(Data excerpts)
════

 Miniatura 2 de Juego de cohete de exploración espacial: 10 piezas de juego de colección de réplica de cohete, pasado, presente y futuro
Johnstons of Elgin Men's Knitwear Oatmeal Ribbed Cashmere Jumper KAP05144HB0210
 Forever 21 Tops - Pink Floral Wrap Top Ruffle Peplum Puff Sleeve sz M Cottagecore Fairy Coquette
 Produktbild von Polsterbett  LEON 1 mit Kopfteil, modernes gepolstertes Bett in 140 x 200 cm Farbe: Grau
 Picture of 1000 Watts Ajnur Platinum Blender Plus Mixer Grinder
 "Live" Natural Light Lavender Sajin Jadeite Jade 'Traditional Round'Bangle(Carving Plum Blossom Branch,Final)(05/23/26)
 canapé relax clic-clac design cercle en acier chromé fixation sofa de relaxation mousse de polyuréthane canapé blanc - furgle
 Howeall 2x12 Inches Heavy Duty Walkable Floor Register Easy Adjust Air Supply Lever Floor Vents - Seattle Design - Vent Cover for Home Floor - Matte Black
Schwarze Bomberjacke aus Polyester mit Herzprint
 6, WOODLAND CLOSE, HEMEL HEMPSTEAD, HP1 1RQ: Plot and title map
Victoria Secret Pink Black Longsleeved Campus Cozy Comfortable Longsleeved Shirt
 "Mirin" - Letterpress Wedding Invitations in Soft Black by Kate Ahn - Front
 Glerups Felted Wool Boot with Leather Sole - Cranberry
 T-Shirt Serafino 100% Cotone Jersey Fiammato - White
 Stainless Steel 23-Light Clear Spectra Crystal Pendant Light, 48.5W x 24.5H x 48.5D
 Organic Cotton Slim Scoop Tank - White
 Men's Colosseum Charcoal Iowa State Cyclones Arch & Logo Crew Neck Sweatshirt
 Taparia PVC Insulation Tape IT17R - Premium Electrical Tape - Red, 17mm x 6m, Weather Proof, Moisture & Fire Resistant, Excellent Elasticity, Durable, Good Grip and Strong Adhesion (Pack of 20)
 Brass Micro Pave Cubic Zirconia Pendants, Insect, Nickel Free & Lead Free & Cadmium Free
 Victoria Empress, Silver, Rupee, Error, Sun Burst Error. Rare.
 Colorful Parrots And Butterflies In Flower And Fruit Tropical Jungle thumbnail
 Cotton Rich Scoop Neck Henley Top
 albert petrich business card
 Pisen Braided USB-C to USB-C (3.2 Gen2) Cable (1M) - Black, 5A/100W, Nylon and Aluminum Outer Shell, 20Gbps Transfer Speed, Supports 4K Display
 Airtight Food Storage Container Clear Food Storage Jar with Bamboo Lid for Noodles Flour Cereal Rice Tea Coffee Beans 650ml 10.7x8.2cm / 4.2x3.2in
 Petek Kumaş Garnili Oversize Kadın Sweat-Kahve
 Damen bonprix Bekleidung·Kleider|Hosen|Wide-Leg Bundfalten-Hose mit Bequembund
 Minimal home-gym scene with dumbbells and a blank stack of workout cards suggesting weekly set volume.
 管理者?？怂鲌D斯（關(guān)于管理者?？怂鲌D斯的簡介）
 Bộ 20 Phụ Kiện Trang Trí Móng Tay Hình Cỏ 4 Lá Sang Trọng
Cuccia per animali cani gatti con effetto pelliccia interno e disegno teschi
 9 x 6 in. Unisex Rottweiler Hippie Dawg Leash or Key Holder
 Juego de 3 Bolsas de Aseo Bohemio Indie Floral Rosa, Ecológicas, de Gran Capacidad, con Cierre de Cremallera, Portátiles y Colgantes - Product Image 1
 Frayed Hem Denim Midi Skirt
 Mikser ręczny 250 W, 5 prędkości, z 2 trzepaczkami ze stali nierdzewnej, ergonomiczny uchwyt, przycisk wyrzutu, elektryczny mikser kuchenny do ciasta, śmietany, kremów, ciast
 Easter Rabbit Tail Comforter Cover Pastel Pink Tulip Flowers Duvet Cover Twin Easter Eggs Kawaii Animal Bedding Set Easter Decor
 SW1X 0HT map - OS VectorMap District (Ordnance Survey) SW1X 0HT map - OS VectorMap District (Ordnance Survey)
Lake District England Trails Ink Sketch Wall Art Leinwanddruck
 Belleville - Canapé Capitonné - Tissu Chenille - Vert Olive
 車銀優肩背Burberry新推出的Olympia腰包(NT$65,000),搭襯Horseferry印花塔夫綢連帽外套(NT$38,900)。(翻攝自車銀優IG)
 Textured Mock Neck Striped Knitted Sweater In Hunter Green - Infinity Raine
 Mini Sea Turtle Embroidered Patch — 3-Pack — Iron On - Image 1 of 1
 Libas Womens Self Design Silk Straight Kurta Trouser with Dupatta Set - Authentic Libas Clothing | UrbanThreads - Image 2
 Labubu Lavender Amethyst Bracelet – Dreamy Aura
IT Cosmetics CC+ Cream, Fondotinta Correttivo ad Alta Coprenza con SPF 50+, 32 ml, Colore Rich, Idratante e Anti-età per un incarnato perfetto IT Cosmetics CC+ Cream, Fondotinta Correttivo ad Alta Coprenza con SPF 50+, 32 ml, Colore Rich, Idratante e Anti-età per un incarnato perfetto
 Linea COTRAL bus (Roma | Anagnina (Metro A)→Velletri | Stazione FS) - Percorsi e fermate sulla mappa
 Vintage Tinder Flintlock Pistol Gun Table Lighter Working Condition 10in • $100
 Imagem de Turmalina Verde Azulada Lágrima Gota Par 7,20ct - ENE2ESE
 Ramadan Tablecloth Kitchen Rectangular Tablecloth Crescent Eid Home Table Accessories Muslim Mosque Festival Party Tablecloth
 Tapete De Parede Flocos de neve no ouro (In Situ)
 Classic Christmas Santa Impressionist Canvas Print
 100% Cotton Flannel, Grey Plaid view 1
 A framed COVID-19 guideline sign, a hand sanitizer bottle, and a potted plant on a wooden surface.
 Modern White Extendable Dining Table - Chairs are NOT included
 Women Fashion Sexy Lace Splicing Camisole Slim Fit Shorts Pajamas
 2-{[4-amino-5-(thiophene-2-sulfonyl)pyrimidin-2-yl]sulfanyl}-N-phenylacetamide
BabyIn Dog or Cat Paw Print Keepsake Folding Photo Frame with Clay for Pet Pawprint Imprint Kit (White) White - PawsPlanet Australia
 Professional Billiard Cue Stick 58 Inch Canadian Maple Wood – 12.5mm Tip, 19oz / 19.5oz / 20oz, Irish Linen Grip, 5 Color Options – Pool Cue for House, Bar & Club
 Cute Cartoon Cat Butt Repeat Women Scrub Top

════

Your job is to print exactly the lines that run from the top of the entries through the line with "Ahn - Front", and no others.

Solution:
 Miniatura 2 de Juego de cohete de exploración espacial: 10 piezas de juego de colección de réplica de cohete, pasado, presente y futuro
Johnstons of Elgin Men's Knitwear Oatmeal Ribbed Cashmere Jumper KAP05144HB0210
 Forever 21 Tops - Pink Floral Wrap Top Ruffle Peplum Puff Sleeve sz M Cottagecore Fairy Coquette
 Produktbild von Polsterbett  LEON 1 mit Kopfteil, modernes gepolstertes Bett in 140 x 200 cm Farbe: Grau
 Picture of 1000 Watts Ajnur Platinum Blender Plus Mixer Grinder
 "Live" Natural Light Lavender Sajin Jadeite Jade 'Traditional Round'Bangle(Carving Plum Blossom Branch,Final)(05/23/26)
 canapé relax clic-clac design cercle en acier chromé fixation sofa de relaxation mousse de polyuréthane canapé blanc - furgle
 Howeall 2x12 Inches Heavy Duty Walkable Floor Register Easy Adjust Air Supply Lever Floor Vents - Seattle Design - Vent Cover for Home Floor - Matte Black
Schwarze Bomberjacke aus Polyester mit Herzprint
 6, WOODLAND CLOSE, HEMEL HEMPSTEAD, HP1 1RQ: Plot and title map
Victoria Secret Pink Black Longsleeved Campus Cozy Comfortable Longsleeved Shirt
 "Mirin" - Letterpress Wedding Invitations in Soft Black by Kate Ahn - Front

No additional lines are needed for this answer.